Herman Saiz v. State
This text of Herman Saiz v. State (Herman Saiz v. State) is published on Counsel Stack Legal Research, covering Court of Appeals of Texas primary law. Counsel Stack provides free access to over 12 million legal documents including statutes, case law, regulations, and constitutions.
Opinion
MEMORANDUM OPINION
No. 04-05-00396-CR
Herman SAIZ,
Appellant
v.
The STATE of Texas,
Appellee
From the 365th Judicial District Court, Dimmit County, Texas
Trial Court No. 04-06-02295-DCRAJA
Honorable Amado J. Abascal, III, Judge Presiding
PER CURIAM
Sitting: Sarah B. Duncan, Justice
Karen Angelini, Justice
Sandee Bryan Marion, Justice
Delivered and Filed: October 12, 2005
DISMISSED FOR LACK OF JURISDICTION
Herman Saiz appeals the trial court’s judgment convicting him of felony driving while intoxicated and sentencing him to three years in the Texas Department of Criminal Justice — Institutional Division. The trial court imposed sentence on Saiz on April 8, 2005, and Saiz did not file a motion for new trial. The deadline for filing a notice of appeal was therefore May 9, 2005, thirty days after sentence was imposed. See Tex. R. App. P. 26.2(a)(1). Saiz did not file his notice of appeal until May 26, 2005, and he did not file a motion for extension of time to file the notice of appeal. See Tex. R. App. P. 26.3.
Saiz contends his May 26, 2005 notice of appeal was timely filed “based on the time frame that began when the appealable order [the Judgment] was filed in these proceedings, that is, ... May 2, 2005.” However, the time for appealing a criminal judgment “begins to run ‘on the day sentence is imposed or suspended in open court’ rather than when the written judgment/sentence is signed” or filed. Coffey v. State, 979 S.W.2d 326, 328 (Tex. Crim. App. 1998) (quoting Rodarte v. State, 860 S.W.2d 108, 109 (Tex. Crim. App. 1993)). “[I]t is the pronouncement of sentence that is the appealable event, and the written sentence or order simply memorializes it.” Coffey, 979 S.W.2d at 328.
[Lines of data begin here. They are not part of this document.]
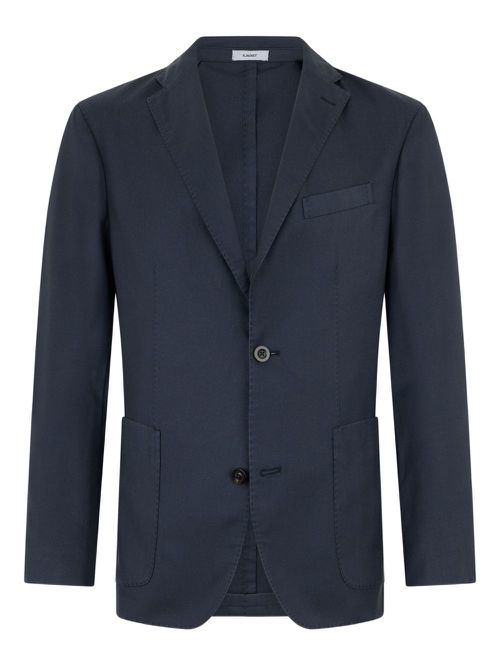 Boglioli single-breasted blazer - Blue
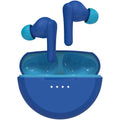 Belkin SoundForm Nano 2 Bluetooth Earbuds for Kids with Built-in Microphone, 28H Battery Life, Safe 85dB Volume, IPX5 Water Resistance - Kids Bluetooth Earbuds for iPhone, iPad, Galaxy, & More - Blue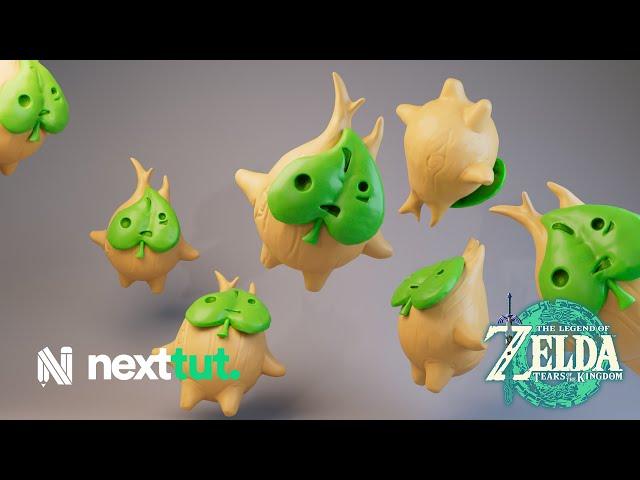 Sculpting a Zelda Character! Zbrush Tutorial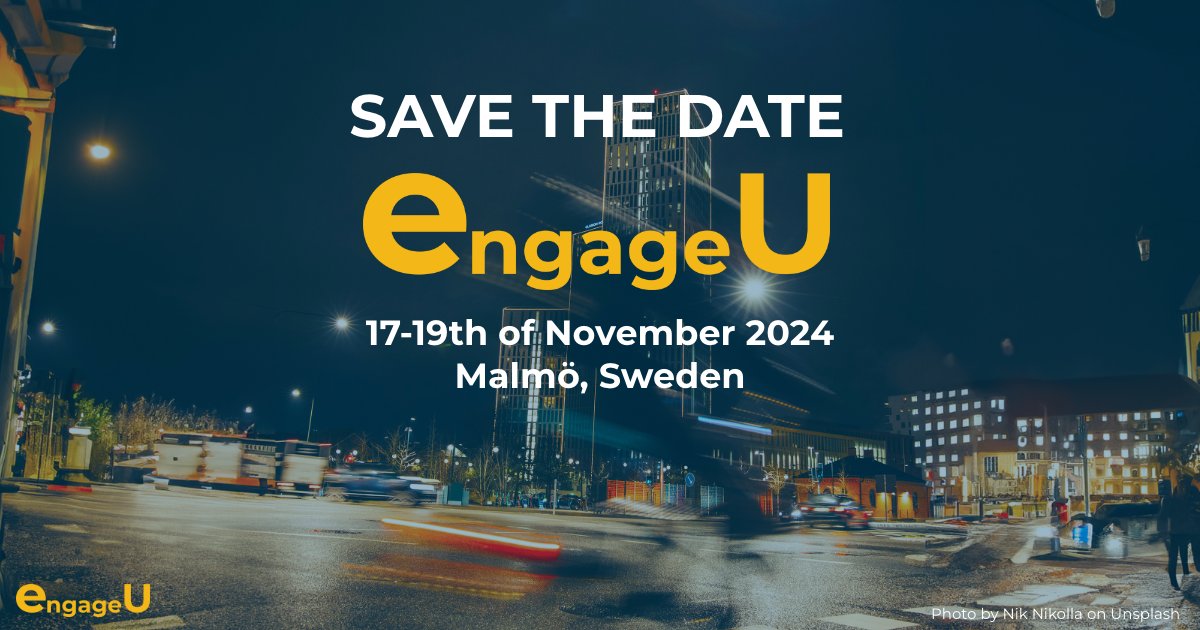 Engageu_eu's tweet photo. 📢 Exciting News! EngageU 2024 is on the horizon! 🚀 Stay tuned for updates on speakers, sessions, and more. Save the date and get ready to elevate your FileMaker game! 

#EngageU2024 #FileMakerCommunity 🌐💼 https://t.co/s3iJpKUBbW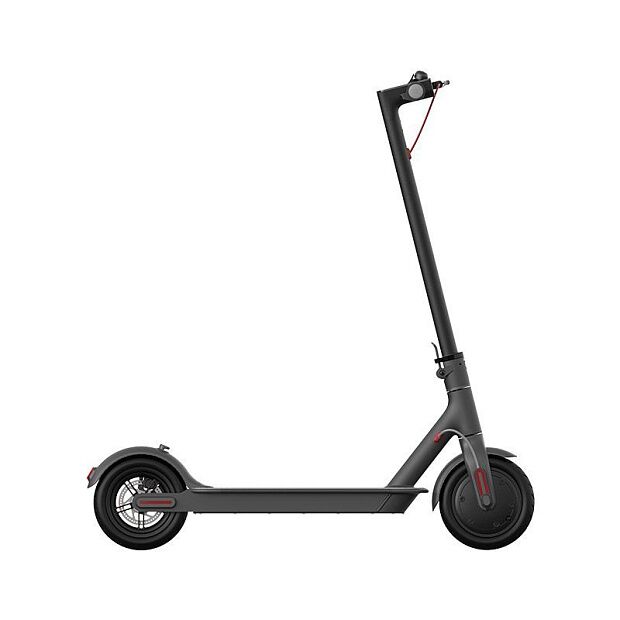 Электросамокат Mijia Electric Scooter 1S (Black/Черный) - 4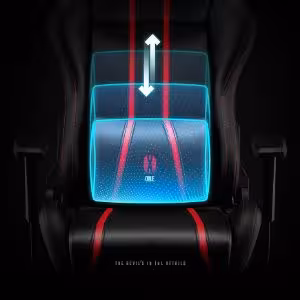 Obrazek Fotel Gamingowy Normal Diablo X-One 2.0 Czarny/Czerwony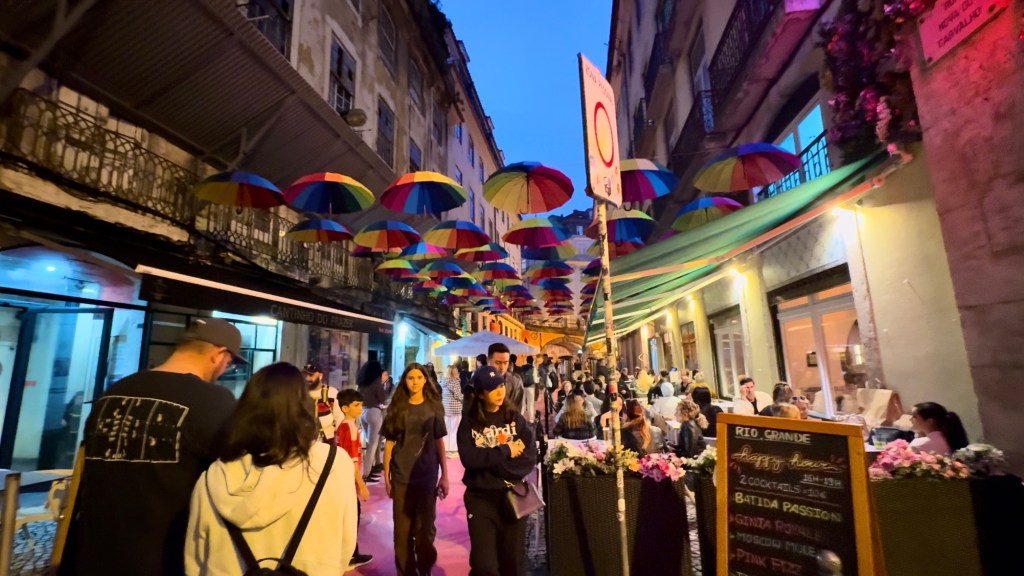 Vida Nocturna en&nbsp;Lisboa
Because the notice of appeal in this case was not timely filed, we lack jurisdiction to entertain the appeal. See Olivo v. State, 918 S.W.2d 519, 522 (Tex. Crim. App. 1996); see also Ater v. Eighth Court of Appeals, 802 S.W.2d 241 (Tex. Crim. App. 1991) (explaining that writ of habeas corpus pursuant to article 11.07 of the Texas Code of Criminal Procedure governs out-of-time appeals from felony convictions). Accordingly, we dismiss this appeal for want of jurisdiction.